Magnetism is already considered discrete under quantum mechanics (http://en.wikipedia.org/wiki/Quantum_electrodynamics). Discrete energies for everything else, with a continuous model for gravity (which describes space-time) are mathematically incompatible. i.e. If the universe is mathematically consistent, then space does indeed have time in discreet amounts and there is a 'frame rate' of sorts. Will the universe be mathematically consistent though?

This thread has made for interesting reading so far!
If the "size" of something isn't part of what it is, then the thing doesn't exist, at least in any form we can make ourselves aware of.
I think there's some logical gap in this sentence.
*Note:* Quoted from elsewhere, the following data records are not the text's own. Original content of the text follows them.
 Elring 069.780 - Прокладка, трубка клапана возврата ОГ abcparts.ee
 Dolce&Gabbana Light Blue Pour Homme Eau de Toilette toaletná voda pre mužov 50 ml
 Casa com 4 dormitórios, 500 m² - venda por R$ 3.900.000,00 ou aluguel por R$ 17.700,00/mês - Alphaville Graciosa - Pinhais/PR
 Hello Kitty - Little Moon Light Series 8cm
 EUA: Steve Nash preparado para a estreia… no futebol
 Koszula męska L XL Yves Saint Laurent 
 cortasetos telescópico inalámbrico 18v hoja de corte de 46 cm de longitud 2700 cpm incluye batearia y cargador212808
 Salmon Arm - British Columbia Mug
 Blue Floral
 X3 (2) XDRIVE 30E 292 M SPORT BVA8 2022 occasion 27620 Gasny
One possible problem is that you may be confounding the word "size" as applied to collections with the word "size" as applied to shapes. The size of a shape is part of the identity of the shape; that is, you can have two shapes that would be equal if only their sizes were equal. But the size of a collection is only a consequence of it. You can't have two collections that are only differentiated by their size; necessarily, two collections of different sizes n and m will also have at least abs(n-m) elements unique to one collection.
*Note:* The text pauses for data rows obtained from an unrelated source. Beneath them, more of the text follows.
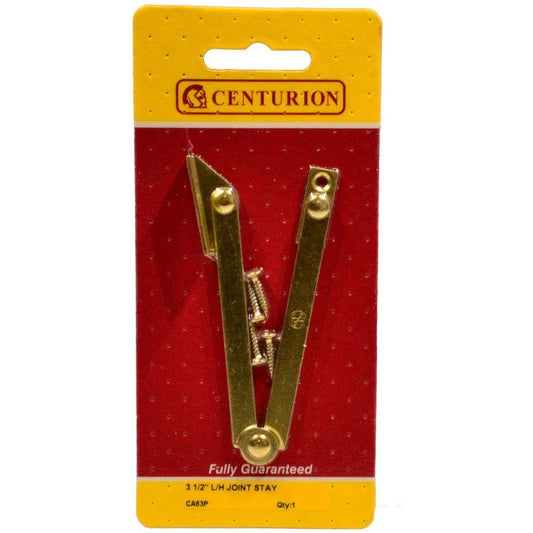 CENTURION CA63P LEFT JOINT STAY 90mm BRASS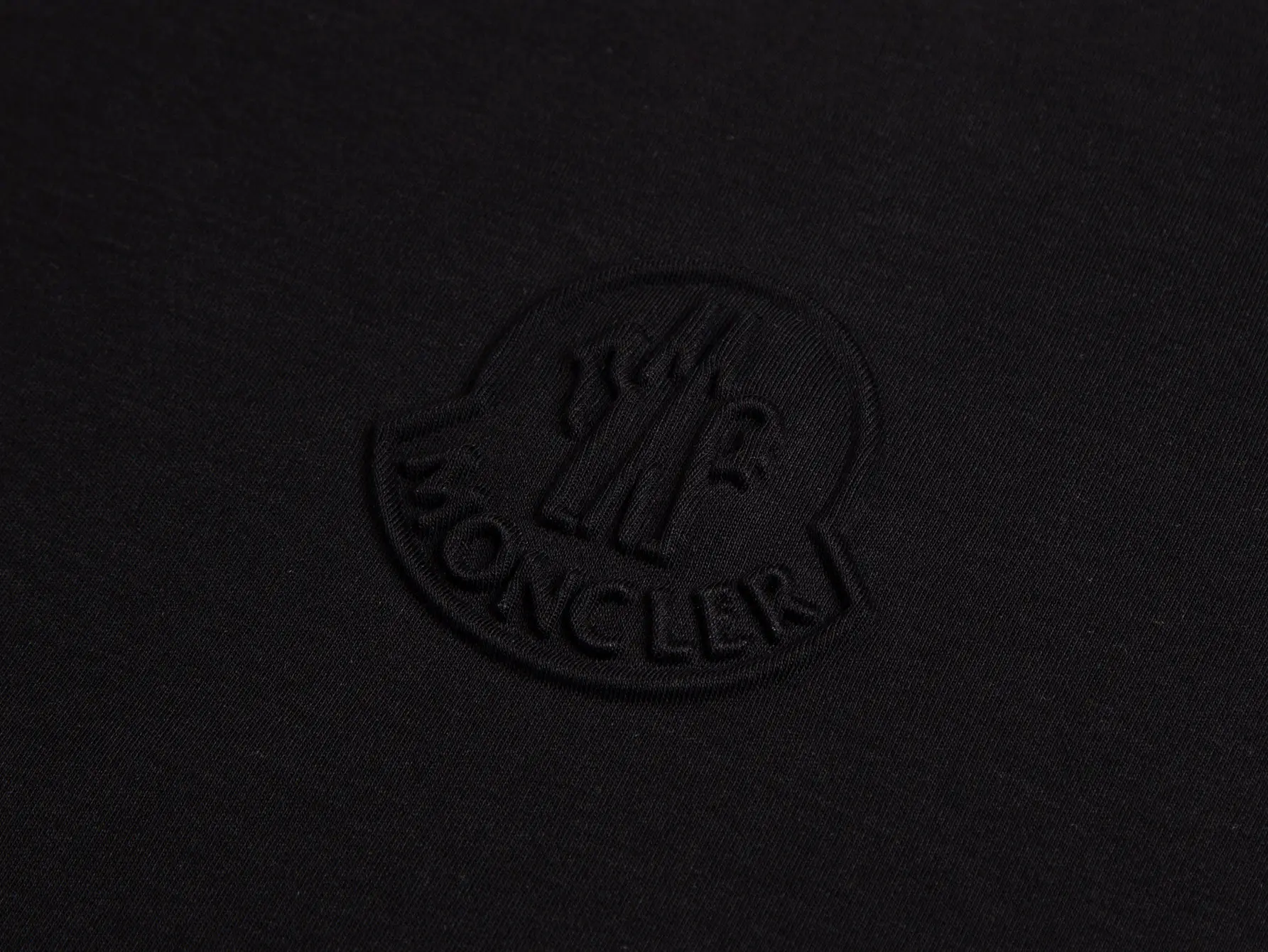 Logo-Appliqué Cotton-Jersey T-Shirt D11515857 — view 6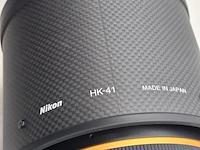 2x camera lens, nikkon, af-s nikkor 180-400mm 1:4e tc1:4 fl ed vr/af-s nikkor 500mm 1:5.6e pf ed - afbeelding 12 van  18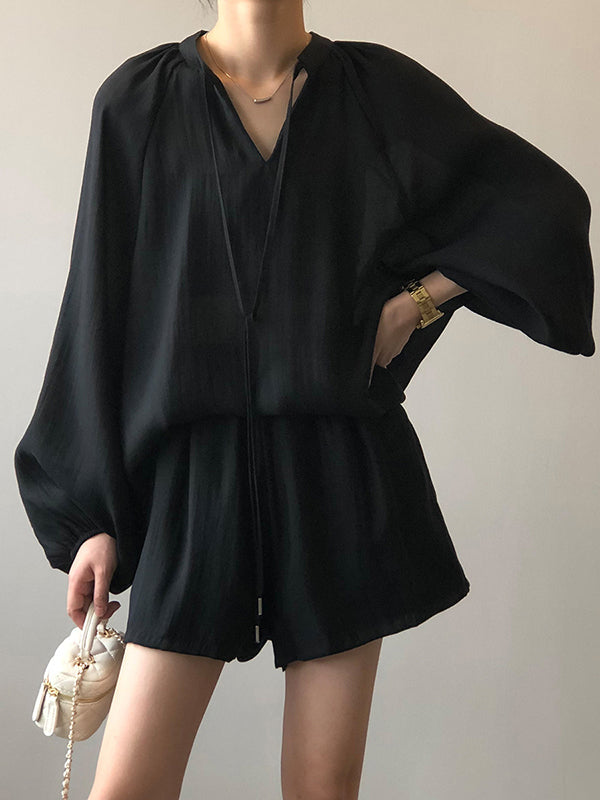 A Vintage Style Top with Delicate Timeless Details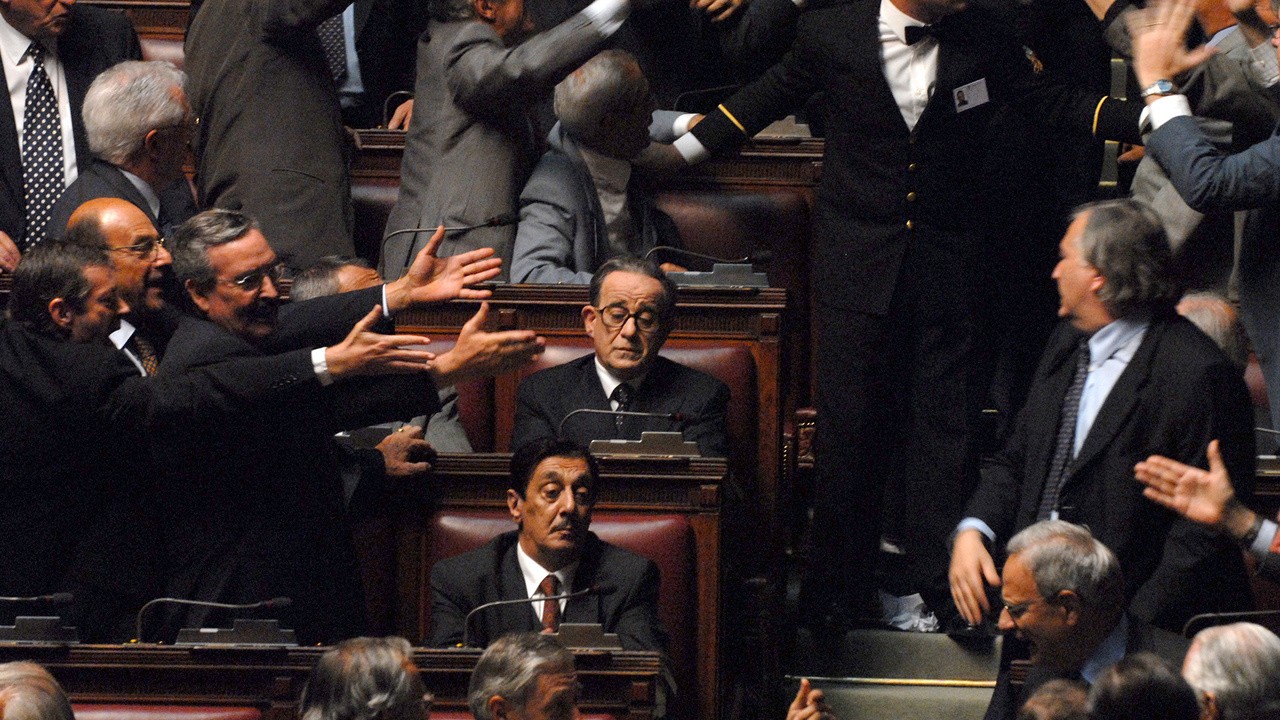 Image du film Il divo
helios, about what I meant with respect to the hard drive question. Could you not have the exact same bit pattern representing two different types of data, two different piece of information* (depending on the decoding/encoding)? Could you not have two different bit patterns representing the same information? Part of what makes up the data is context and our interpretation of it.
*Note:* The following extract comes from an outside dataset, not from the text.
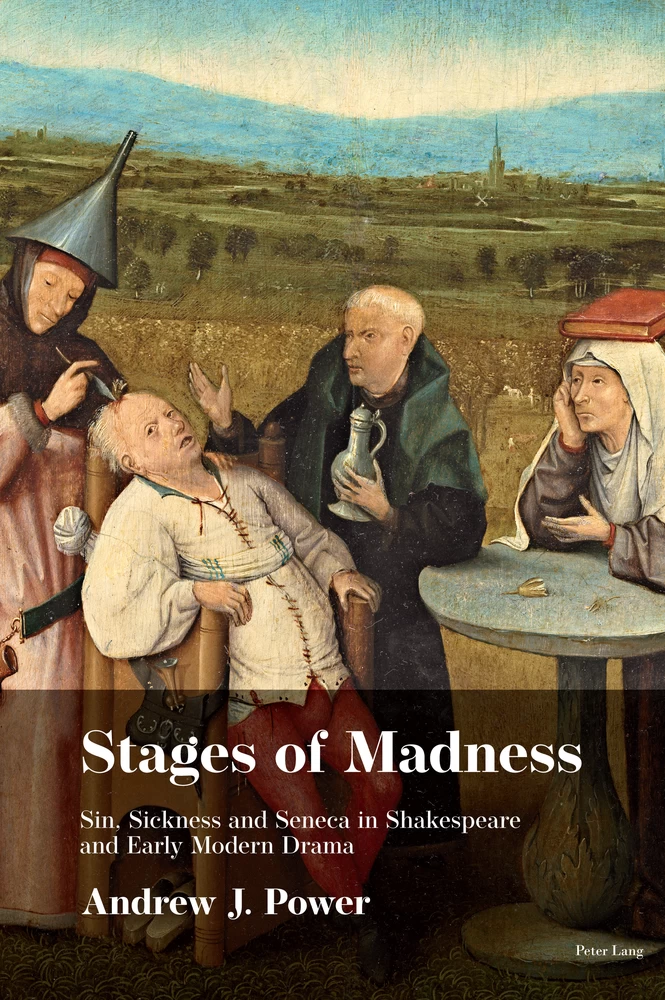 Title: Stages of Madness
* Information used in the vernacular, not as used in information theory.
Could you not have the exact same bit pattern representing two different types of data, two different piece of information* (depending on the decoding/encoding)? Could you not have two different bit patterns representing the same information? Part of what makes up the data is context and our interpretation of it.
I think you grabbed my question from the opposite end I intended. I was asking about the abstraction of files relative to numbers, while you answered about the abstraction of files relative to the information they supposedly represent. While I agree with you that a file by itself is entirely disconnected from anything we would care to store in it, that's unrelated to the point I was trying to make.
I was trying to give an example of a mathematical abstraction that can be exactly mapped to reality without losing anything.
(Ah, I thought you were talking about abstraction in general.) The fact that the exact numbers you are using to represent the file could be used to represent other concrete things leads me to conclude that you are losing something in the abstraction, even if I can't demonstrate exactly what.
Your original argument was that something was lost by concretizing, though...
An abstraction must by necessity have less than the thing it abstracts, else it would just be the thing. A universal storage unit (bitstrings) can't also store what it is it's storing, because that metadata would itself be data. In OOP terms, you can't have a sequence of Objects where the Types of the Objects are themselves Objects and also stored in the sequence. You'd fall into an infinite regress.

So that's why I gave an example of an abstraction that can be made concrete without losing any of the properties of the abstraction. Numbers and files can be losslessly mapped back and forth to each other.
I suppose to advance your own argument you'd need to at least give reasons why, starting from an unambiguous description of "dogness", you couldn't create an object that's nothing but dog (with no undoggy properties). That might get us closer to why particular dogs exist despite being undefined, while numbers (supposedly) don't despite being defined.
I meant hat you lose some of the power when you move away from the abstract. Things become more general and hence more widely applicable. I'm not so sure we could create a perfect quintessential "dog." But I also don't think the analogy is proper here. Dogs are not well defined like numbers are.